Like Corus, I had a similar decision to make with my Cominar REIT (CUF.UN) stock, which I held in my RRIF account.  After years of paying out a fairly decent dividend, Cominar cut their dividend slightly in 2017 and then more significantly in 2018.  I should have cut and run last year but inertia and the hope of recovery prevailed.  Now belatedly, it was time to take action and unlike Corus, I would still recover over 67% of my initial investment which was enough to buy a replacement stock.  With the cash generated from the sale, I purchased Manulife Financial (MFC) which yields a healthy 5% and has raised its dividend annually for at least the past 5 years.

In last year's blog, I wrote about changing our RRIF withdrawal strategy from taking a monthly cash payout to making a stock withdrawal "in-kind" at the beginning of the year.  The goal is to gradually move dividend income from being taxed at 100% in the RRIF to generating Canadian eligible dividend income in our non-registered account which is taxed at a much more lenient rate.  We would also be reducing the values of our RRIFs at a faster rate since we are removing both the capital and the income it generated.  Finally by taking our RRIF payments as stock in kind, it reduced the amount of cash that we needed to save up in those accounts, and therefore allowed us to DRIP some of our stocks.

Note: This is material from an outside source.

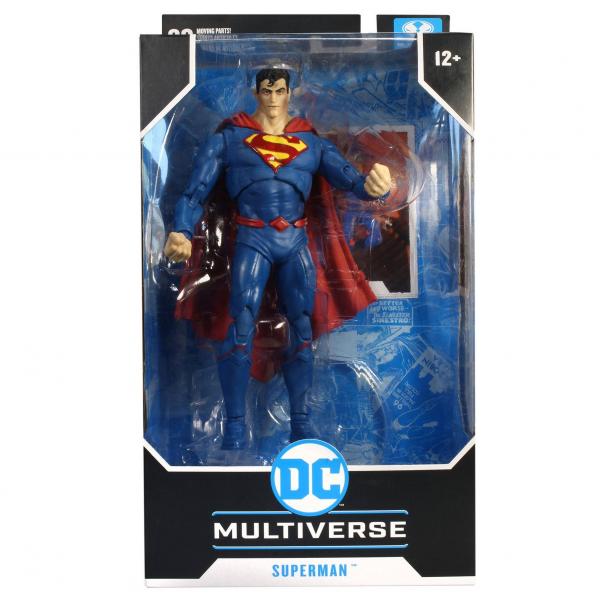 DC Multiverse Superman Rebirth 18 cm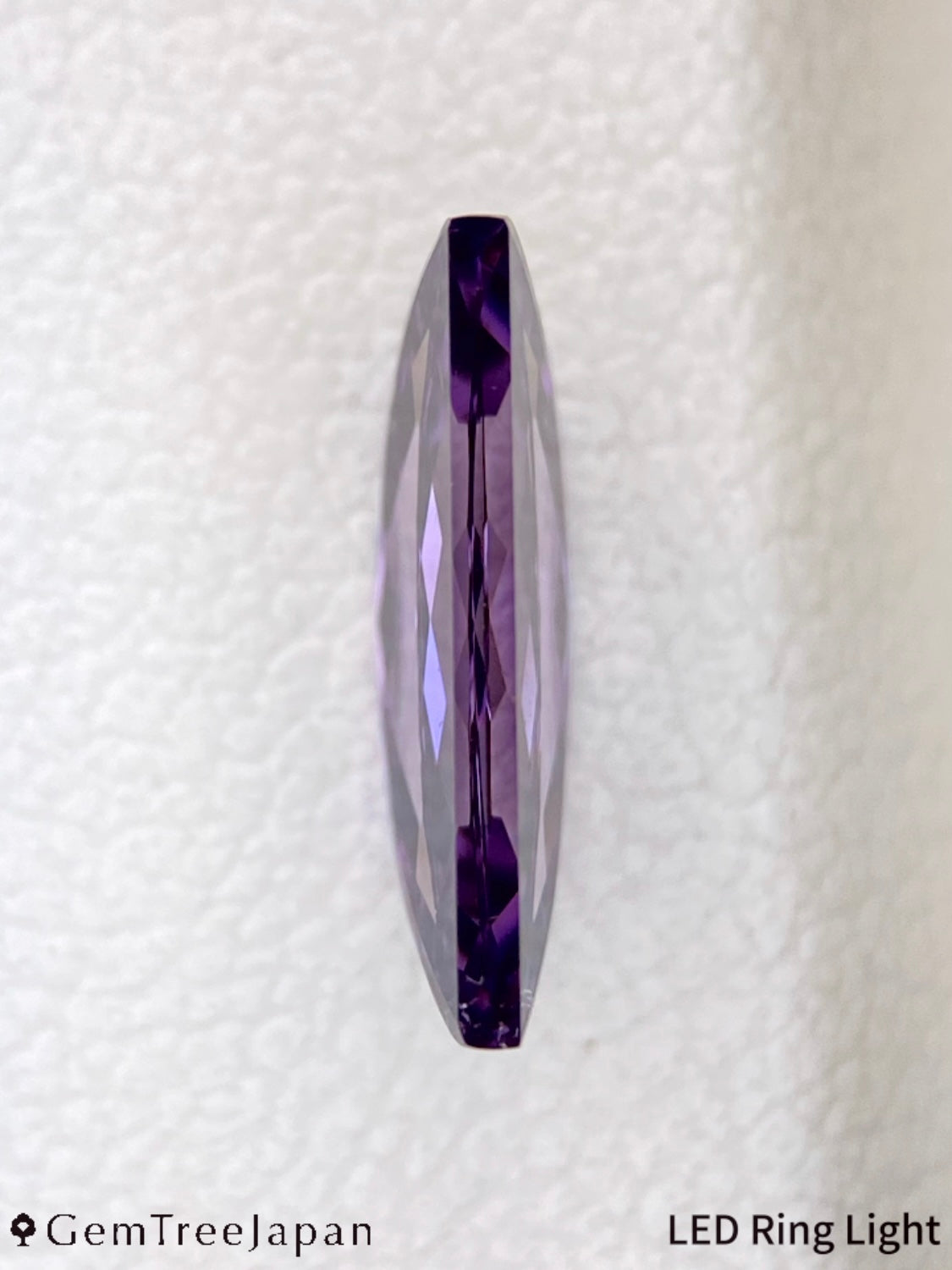 "Untitled" Spinel 1.27ct / Madagascar 【One Price】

My second goal was to smooth out the monthly dividend income being generated from our non-registered account so that each month would pay enough to cover regular expenses.  Abnormal or unexpected expenses would require dipping into the cash reserves that we held in our short and long-term "kitties".  Since the dividends paid out in the second month of each quarter were relatively meager, I deliberately withdrew stock from our RRIF accounts that paid out in that month.  While I made good inroads last year, I am happy to report that at the end of 2018, this second goal has been fully accomplished.  For 2019, I no longer need to worry about this requirement when selecting which stocks we withdraw for our annual RRIF payments.
In late 2018, I turned 55 which is a milestone year in terms of our retirement, expense and investing strategies. I now qualify for a few early seniors discounts including 20% off on Tuesdays at Rexall Pharmacy and 10% off at Best Western.  While the medical emergency travel insurance that I usually purchase from Manulife costs a few dollars more after turning 55, at least I still don't need to fill out a medical questionnaire to qualify.  This is not required until age 60. I also confirmed that I still qualify for the 15 day travel insurance that comes with our Visa infinite Dividend credit card.  This ends at age 65.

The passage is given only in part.